Parallèles troublants

Les ressemblances entre le Stade de France et Hillsborough interpellent. À Hillsborough, la police et un politicien local, le député conservateur Irvine Patnick, un proche de Thatcher, firent tout de suite porter le chapeau aux supporters liverpuldiens "ivres et violents". Au Stade de France, Gérald Darmanin twitte sur "une fraude massive et industrielle, 30.000 à 40.000 supporters britanniques qui se sont présentés devant le stade, sans billet ou avec un faux billet".

Il accuse aussi des milliers d'entre eux d'avoir "forcé les entrées et, parfois, violenté les stadiers". La piètre prestation du préfet de police de Paris, Didier Lallement, au Sénat le jeudi 9 décembre, s'inscrit dans ce déni.

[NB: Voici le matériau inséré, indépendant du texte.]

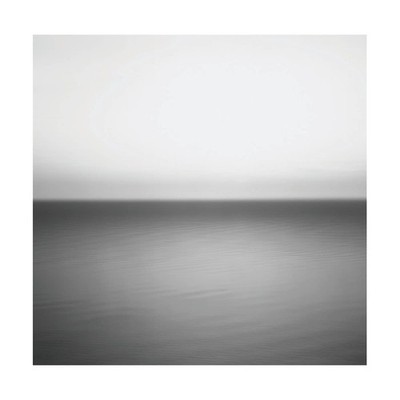 No Line On The Horizon [CD] U2 [*READ*, GOOD Cond.]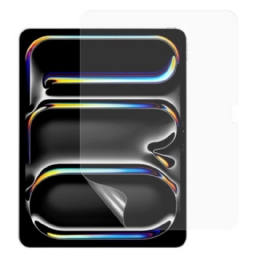 Näytönsuoja iPad Pro 13 (2025) / 13 (2024)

À Hillsborough, la presse nationale, pro-Thatcher, relaya sans vérifier la masse d'infox [1]. Elle amplifia également les horreurs colportées par des faux témoins et par l'attaché de presse de Thatcher, Bernard Ingham, comme à l'accoutumée chargé des basses besognes. Les tabloïds tel le Sun, son répugnant rédacteur en chef Kelvin MacKenzie en tête, se chargeront de l'après-vente en surenchérissant dans la désinformation sordide.

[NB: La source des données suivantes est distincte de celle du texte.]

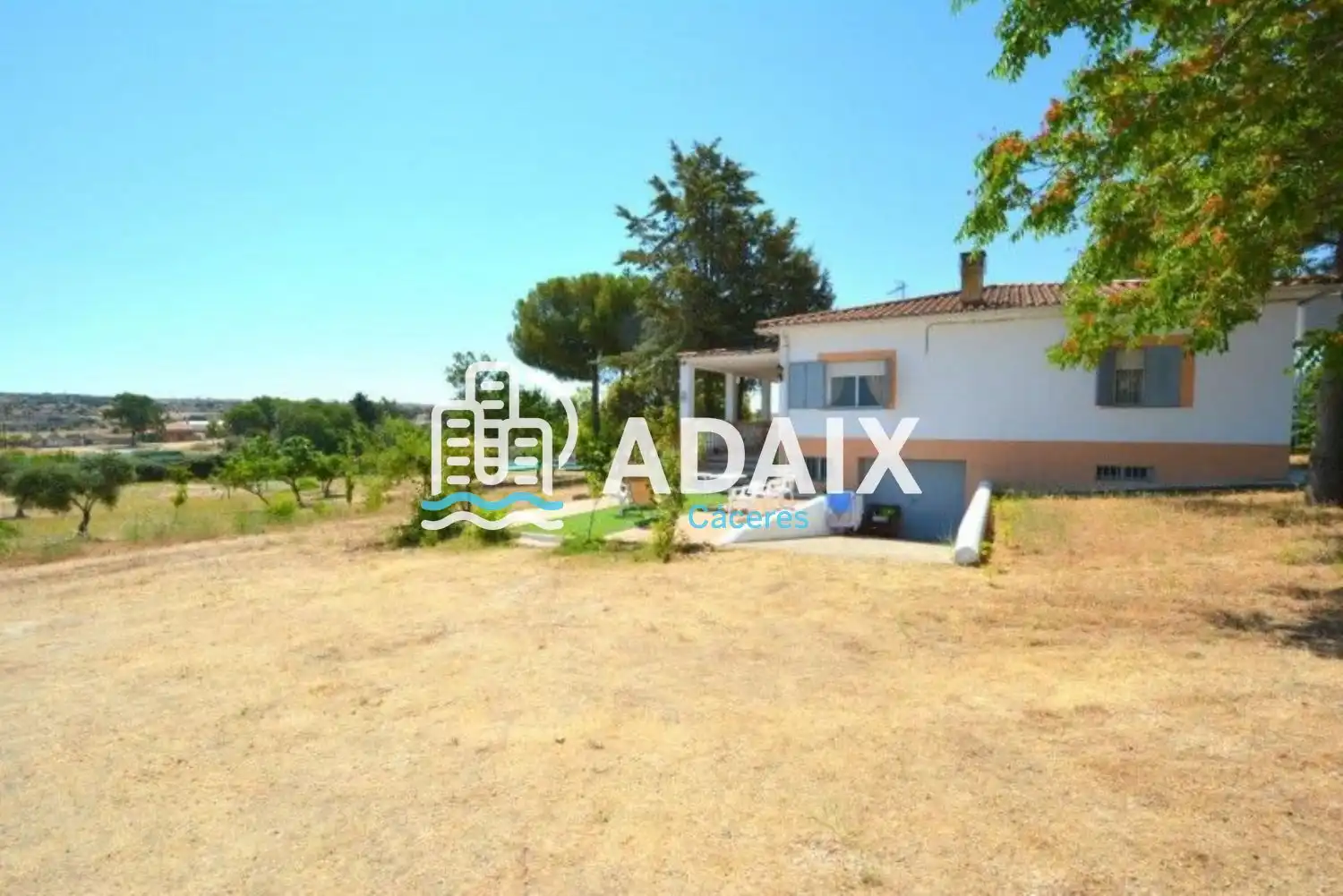 Maison avec piscine à vendre à La Perala, imagen 24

Au Stade de France, des journalistes et médias de grande écoute évoquent aussitôt une prétendue culpabilité des supporters Reds. Ils manufacturent la controverse et laissent planer les ambiguïtés, histoire d'entretenir la polémique en brouillant les pistes.

À Hillsborough, des cassettes disparurent mystérieusement de la salle de contrôle du stade. Graham Mackrell, responsable entre autres de ce PC sécurité et de la vidéosurveillance du stade, fut questionné en 2014 mais jamais inquiété pour cette "négligence" (il écopa juste d'une amende, en 2019, pour une autre raison).

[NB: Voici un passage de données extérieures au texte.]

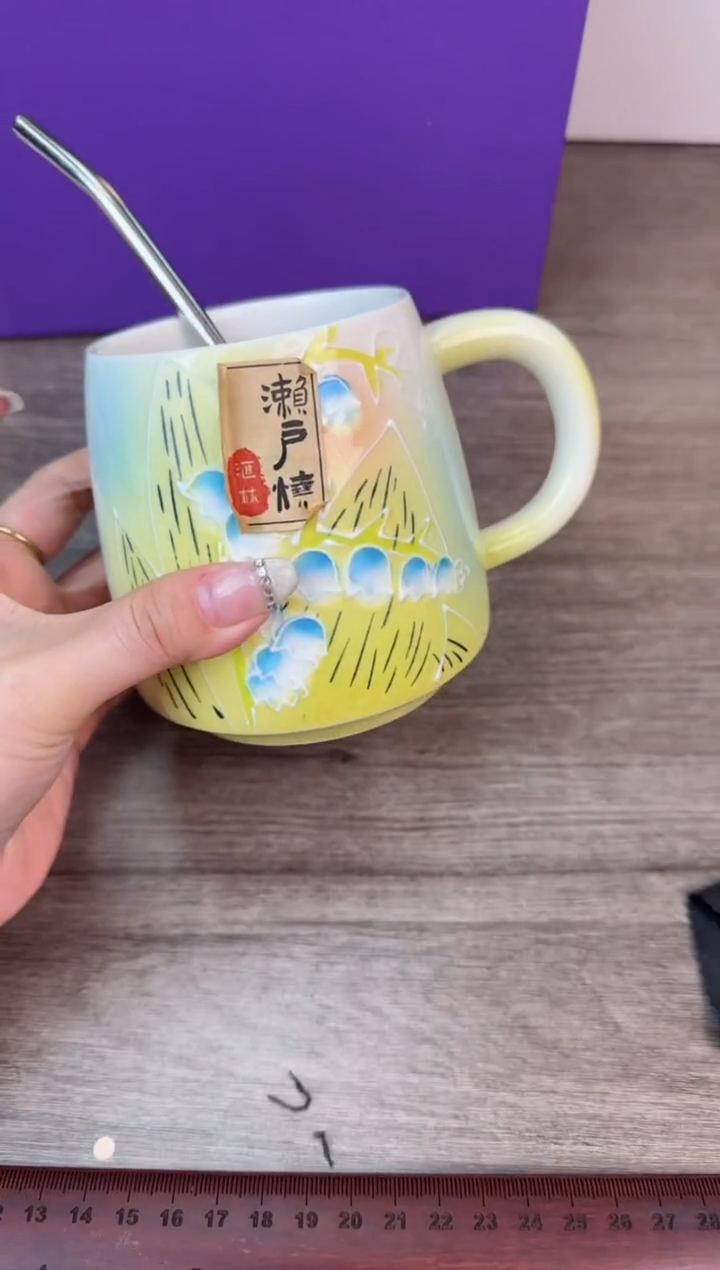 瓷片搬家清仓赔钱甩@@J52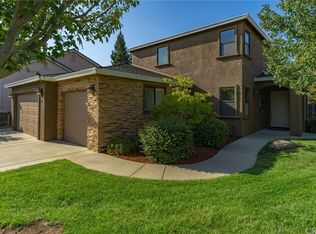 24 Dana Point Rd, Chico, CA 95928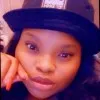 Duduzile Hlongwane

Au Stade de France, cette même notion de négligence, à géométrie variable, est brandie par beaucoup comme explication, somme toute acceptable, à l'effacement des images de surveillance par l'opérateur privé du stade.

Elles ont certes été supprimées "en toute légalité", comme on nous le répète, mais en totale dissonance en regard d'un contexte qui aurait dû amener le parquet à s'intéresser prioritairement à ces précieux enregistrements. Ou la police, qui aurait pu réquisitionner ces images, ainsi que celles de la RATP, également effacées dans l'indifférence et l'impunité générale.

Même terreau fertile

L'Angleterre des années 1980 et la France d'aujourd'hui, dans leur rapport au supportérisme, présentent également de nombreux points communs. Dans les Eighties, le hooliganisme anglais était virulent, mais ne concernait qu'une infime proportion des supporters, et l'immense majorité des matches se déroulaient relativement bien.

L'exposition médiatique se fixa sur les violences liées au football pour des raisons essentiellement politiques. Thatcher exploita sans vergogne l'impopularité du football, notamment pour faire diversion d'autres formes d'incivilités et de délinquance qui, favorisées par le fossé grandissant des inégalités, la précarité et les coupes budgétaires tous azimuts, connaissaient une forte recrudescence.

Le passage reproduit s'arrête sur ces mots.